Вся эта затея, вроде бы легкомысленная и ненаучная, позиционируется Третьяковской галереей как крупнейшая выставка сезона. К участию в проекте привлечены семнадцать музеев России, Украины и Белоруссии; издан объемистый каталог, выпущены интерактивные продукты (в их числе мультимедийный диск с виртуальным конструктором «Создай свой натюрморт»). Короче говоря,
Третьяковка берет пример с западных институций, где привычные ретроспективы давно уже чередуют с выставками концептуальными, неоднозначными, даже завиральными, сопровождая их коммерческими приложениями для зрителей.
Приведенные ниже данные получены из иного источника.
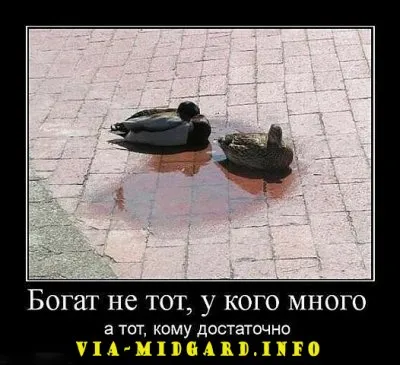 Славянские Демотиваторы Часть 12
Справедливости ради следует сказать, что опыты в этом направлении в ГТГ предпринимались и раньше, но сознательный отказ от хитов и прочих зрительских «завлекалок» ради чистоты установки – такое, пожалуй, происходит впервые. И вовсе не факт, что публика оценит сей интеллектуальный порыв. Наши культпоходы на музейные выставки нередко сопряжены с надеждой, что все тут будет разложено по правильным полочкам и поспособствует расслабленному отдыху. Между тем «Натюрморт. Метаморфозы» – это отнюдь не провокация, но и не заповедник визуального комфорта. Приходя сюда, нужно вникать в контексты и включать воображение, иначе просто нет смысла тратить время на посещение. Впрочем семь пядей во лбу не обязательны: многое постигается интуитивно. И уж точно не возникнет сожалений из-за напрасно мобилизованного интеллекта.